Ignacio Camacho-ABC
- Nadal es la antítesis de la cultura de la queja. Ha construido su leyenda sobre una ética de la autoexigencia
Nadal es un enorme jugador de tenis, menudo descubrimiento, pero no mejor que otros contemporáneos que lo aventajan en físico y técnica. Y además está cascado por la edad y más de dos docenas de lesiones en la rodilla, la espalda, los pies y las muñecas. Lo que le permite competir y ganar hasta situarse en la cima del ‘ranking’ es su disciplina mental, su concentración, su espíritu de superación y resistencia. Su formidable brazo izquierdo y sus piernas como bielas los tienen también algunos de los rivales a los que doblega gracias a la madurez de su cabeza, a la fuerza interior que lo empuja a combatir contra sus limitaciones, sobreponerse a la frustración, adaptarse a los contratiempos y remontar problemas. De entre la élite actual de la raqueta sólo Federer posee una estructura emocional más compacta, y aun así le ha encontrado a menudo las vueltas oponiendo fe y pasión a ese prodigio de estabilidad gélida. Djokovic, el ídolo magufo, es más potente, versátil y completo pero lleva una cafetera en la cabeza. El secreto del mallorquín, lo que le hace especial en este tiempo de excusas, falta de compromiso y abuso de la autodispensa, consiste en la capacidad para encajar el sufrimiento y procesar la adversidad con inteligencia sin descargarla en culpas o circunstancias ajenas. Su éxito constituye una lección de control sobre sí mismo, de sentido del deber, de exigencia, de ética del trabajo y de responsabilidad sobre su carrera. Ha construido una leyenda de excelencia en dirección opuesta a la hegemónica cultura de la reclamación y de la queja.

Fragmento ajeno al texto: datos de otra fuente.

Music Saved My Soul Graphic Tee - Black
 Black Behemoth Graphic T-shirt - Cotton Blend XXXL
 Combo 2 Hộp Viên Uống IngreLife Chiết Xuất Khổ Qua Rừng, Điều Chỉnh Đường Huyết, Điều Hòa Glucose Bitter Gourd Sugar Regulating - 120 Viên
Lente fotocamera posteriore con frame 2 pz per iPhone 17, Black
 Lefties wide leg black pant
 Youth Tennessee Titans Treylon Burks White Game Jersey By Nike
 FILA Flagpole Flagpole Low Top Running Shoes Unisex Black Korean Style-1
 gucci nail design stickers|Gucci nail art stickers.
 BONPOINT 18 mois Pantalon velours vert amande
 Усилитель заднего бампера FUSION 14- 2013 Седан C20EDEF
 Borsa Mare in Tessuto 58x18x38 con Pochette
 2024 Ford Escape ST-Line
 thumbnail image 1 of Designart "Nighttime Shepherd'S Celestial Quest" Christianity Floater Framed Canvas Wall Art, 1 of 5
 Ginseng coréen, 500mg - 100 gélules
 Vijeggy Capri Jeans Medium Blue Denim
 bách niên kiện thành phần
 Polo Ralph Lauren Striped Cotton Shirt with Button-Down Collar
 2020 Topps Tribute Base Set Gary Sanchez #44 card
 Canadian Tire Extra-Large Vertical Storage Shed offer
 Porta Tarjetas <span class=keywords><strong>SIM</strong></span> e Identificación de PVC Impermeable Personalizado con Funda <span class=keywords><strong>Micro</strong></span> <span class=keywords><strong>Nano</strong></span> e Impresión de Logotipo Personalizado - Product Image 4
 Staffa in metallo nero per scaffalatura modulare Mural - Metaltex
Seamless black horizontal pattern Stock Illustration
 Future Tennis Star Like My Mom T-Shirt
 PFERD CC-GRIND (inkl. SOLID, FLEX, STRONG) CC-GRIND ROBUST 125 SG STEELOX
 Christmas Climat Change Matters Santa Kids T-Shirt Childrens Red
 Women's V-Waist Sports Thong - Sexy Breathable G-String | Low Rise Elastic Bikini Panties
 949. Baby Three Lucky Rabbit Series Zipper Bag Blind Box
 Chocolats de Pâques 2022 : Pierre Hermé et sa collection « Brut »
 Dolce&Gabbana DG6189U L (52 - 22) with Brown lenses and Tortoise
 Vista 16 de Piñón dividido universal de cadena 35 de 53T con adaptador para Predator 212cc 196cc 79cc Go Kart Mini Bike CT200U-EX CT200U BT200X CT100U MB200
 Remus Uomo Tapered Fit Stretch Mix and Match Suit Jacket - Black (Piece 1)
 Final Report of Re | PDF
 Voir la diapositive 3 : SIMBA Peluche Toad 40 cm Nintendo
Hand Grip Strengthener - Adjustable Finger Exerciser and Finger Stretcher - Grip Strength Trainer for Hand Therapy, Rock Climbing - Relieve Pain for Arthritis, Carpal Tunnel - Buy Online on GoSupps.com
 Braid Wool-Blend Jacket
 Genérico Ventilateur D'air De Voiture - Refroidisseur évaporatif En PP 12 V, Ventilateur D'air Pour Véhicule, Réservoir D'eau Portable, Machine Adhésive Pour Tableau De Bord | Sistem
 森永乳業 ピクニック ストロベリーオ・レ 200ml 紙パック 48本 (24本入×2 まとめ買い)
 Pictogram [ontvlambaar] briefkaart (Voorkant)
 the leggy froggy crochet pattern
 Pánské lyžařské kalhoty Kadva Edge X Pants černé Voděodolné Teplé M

Por eso resulta paradójico que los españoles lo admiremos y consideremos sus triunfos como nuestros cuando formamos una sociedad que ha renunciado a seguir su ejemplo. Tanto la mentalidad dominante del país como los paradigmas políticos y pedagógicos llevan tiempo instalados en el rechazo al esfuerzo, en la abolición del mérito, en la aversión a las obligaciones y al riesgo, en un descaminado igualitarismo de bajo rasero. Nadal representa lo contrario de todo eso: pundonor, épica, determinación, afán de crecimiento, sudor, empeño, sacrificio, denuedo. Nos enorgullece porque es el modelo al que acaso nos gustaría parecernos cuando nos miramos al espejo. Hasta presume de España y se envuelve en su bandera mientras aquí la escondemos. Nos conforta simbolizar en él unos valores colectivos para olvidar que los que de verdad consagramos son bien distintos y que nos hemos vuelto alérgicos al coraje competitivo, a la rebeldía contra el derrotismo o a la entereza de principios. Y lo mejor es que él sí se siente uno de nosotros y nos brinda sus victorias como símbolo de agradecimiento patriótico. Pero no nos engañemos: las consigue solo, sin más apoyo que su voluntad y su cuajo psicológico. Nunca tendremos otro como él, por decirlo con las palabras que Shakespeare puso en boca de Marco Antonio.